ARC-20 enrolled patients with ccRCC and other advanced solid tumors who had at least 1 measurable lesion by RECIST 1.1 criteria and acceptable organ and bone marrow function.1,3 The trial utilizes a 3+3 design with a 21-day DLT window.1 In the dose-escalation phase, single-agent casdatifan is under evaluation at doses ranging from 20 mg once daily to 200 mg once daily.
In the dose-expansion phase, patients with second-line or later ccRCC (n = ~30/cohort) are given the drug at 50 mg twice daily, 50 mg once daily, and 150 mg once daily; the cohort examining dosing of 100 mg once daily is enrolling. The agent given at 100 mg once daily is also being explored in combination with cabozantinib (Cabometyx) in this population; this cohort is also enrolling.
The primary outcomes of the study are to evaluate adverse effects (AEs) and DLTs, and secondary outcomes include ORR and PK/PD profile of the drug.
Patients included in the analysis who received casdatifan at 50 mg twice daily had metastatic ccRCC that had progressed on at least 2 prior lines of treatment, including both a PD-1 and TKI inhibitor (n = 33). The median patient age was 62 years (range, 41-79) and 76% were male. Fifty-two percent of patients had an ECOG performance status of 1 and the remainder had a status of 0. With regard to International Metastatic Renal Cell Carcinoma Database Consortium risk score, 27% were favorable risk, 61% were intermediate risk, and 6% were poor risk; this information was unknown for 6% of patients.

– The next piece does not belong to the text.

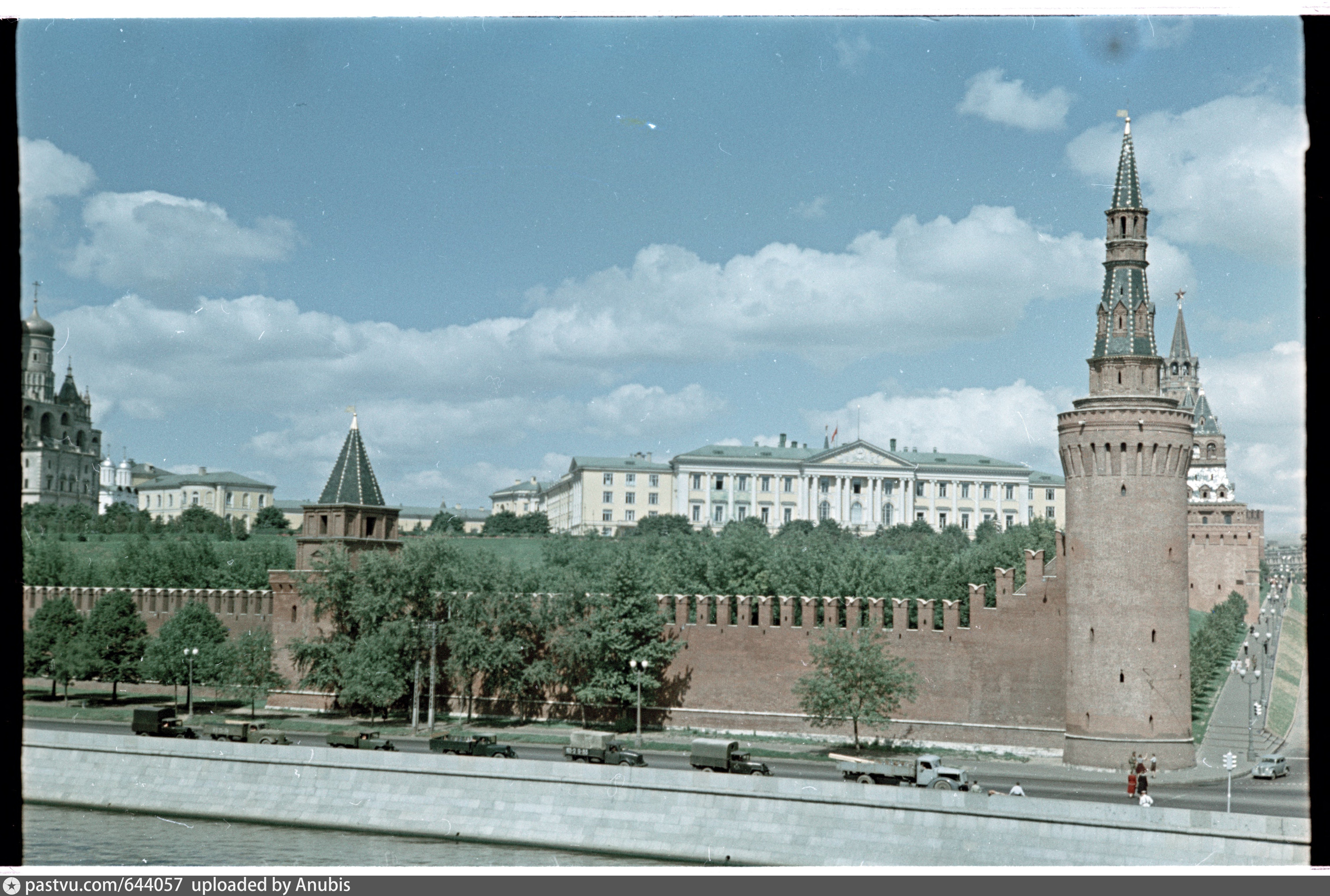 Как раньше называлась москва. Беклемишевская башня Кремля. Кремль Москва 1950. Московский Кремль 1996. Беклемишевская башня Кремля 1917.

Patients were heavily pretreated with 6%, 42%, 24%, and 27% of patients having previously received 1, 2, 3, or 4 or more lines of therapy, respectively. Moreover, 39%, 36%, 9%, and 15% of patients had received 1, 2, 3, or 4 or more regimens with any VEGFR TKI, respectively. Fifteen percent had received prior mTOR treatment.
Additional data from the dose-expansion phase showed that treatment with casdatifan showed a trend of reduction in target lesion diameters.
When looking at efficacy in the group of patients who received the agent at 50 mg once daily (n = 28), at a median follow-up of 8 months (range, 4-10+), the ORR was 25.0% (90% CI, 10.7%-44.9%). The confirmed ORR was 21.4% (90% CI, 8.3%-41.0%). The time to response was 4 months (range, 1.3-4.1). The DCR was 85.7% (95% CI, 67.3%-96.0%). Lastly, the median PFS was not reached and 14.3% of patients had progressive disease.
In the dose-escalation phase, the median treatment duration in those who received the agent at 50 mg twice daily (n = 6) was 2 months (range, 1-13). All patients experienced any treatment-emergent AEs (TEAEs), 83% of which were related to casdatifan. No TEAEs led to discontinuation for this group. TEAEs of interest related to the drug included anemia (83%) and fatigue (50%). Half of patients experienced serious TEAEs none of which were grade 4 or higher.
In the expansion phase, 97% of patients in the 50-mg twice daily group (n = 33) experienced any TEAEs, 94% of which were related to the study drug. Any grade 3 TEAEs were reported in 45% of patients and 42% of them were related to casdatifan. Serious TEAEs occurred in 12% of patients, 3% of which were related to study treatment. All-grade anemia occurred in 85% of patients, with 36% of patients experiencing grade 3 anemia. This toxicity led to interruptions or reductions for 33% and 6% of patients, respectively. All-grade hypoxia occurred in 15% of patients and 9% of patients experienced grade 3 events. Hypoxia led to dose interruptions or reductions for 12% and 3% of patients, respectively.
“These data demonstrate the therapeutic potential of casdatifan as a potential best-in-class HIF-2α inhibitor and support further development of casdatifan in ccRCC,” the study authors concluded.